BEGIN SUPPLIED ENTRIES

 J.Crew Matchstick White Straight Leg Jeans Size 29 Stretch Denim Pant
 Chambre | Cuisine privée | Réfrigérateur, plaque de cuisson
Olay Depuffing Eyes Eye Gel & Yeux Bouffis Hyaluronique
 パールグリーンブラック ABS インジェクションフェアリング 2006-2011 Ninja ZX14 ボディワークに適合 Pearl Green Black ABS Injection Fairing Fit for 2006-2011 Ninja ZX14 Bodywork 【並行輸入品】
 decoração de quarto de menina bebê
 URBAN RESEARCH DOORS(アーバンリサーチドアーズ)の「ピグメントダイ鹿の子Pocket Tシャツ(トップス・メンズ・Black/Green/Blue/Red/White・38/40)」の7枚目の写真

END SUPPLIED ENTRIES
BEGIN SUPPLIED ENTRIES

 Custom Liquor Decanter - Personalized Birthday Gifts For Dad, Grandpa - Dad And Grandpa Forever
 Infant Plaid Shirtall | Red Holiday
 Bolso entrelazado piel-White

END SUPPLIED ENTRIES
BEGIN SUPPLIED ENTRIES

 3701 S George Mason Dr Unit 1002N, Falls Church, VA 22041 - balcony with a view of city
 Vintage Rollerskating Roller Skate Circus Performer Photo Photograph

END SUPPLIED ENTRIES

TRY IT: Beginning at the line with "Chambre | Cuisine" and stopping after the line with "URBAN RESEARCH DOORS(アーバンリサーチドアーズ)の「ピグメントダイ鹿の子Pocket", please write out every line of the data above exactly and nothing else.

ANSWER TO THIS EXERCISE:
 Chambre | Cuisine privée | Réfrigérateur, plaque de cuisson
Olay Depuffing Eyes Eye Gel & Yeux Bouffis Hyaluronique
 パールグリーンブラック ABS インジェクションフェアリング 2006-2011 Ninja ZX14 ボディワークに適合 Pearl Green Black ABS Injection Fairing Fit for 2006-2011 Ninja ZX14 Bodywork 【並行輸入品】
 decoração de quarto de menina bebê
 URBAN RESEARCH DOORS(アーバンリサーチドアーズ)の「ピグメントダイ鹿の子Pocket Tシャツ(トップス・メンズ・Black/Green/Blue/Red/White・38/40)」の7枚目の写真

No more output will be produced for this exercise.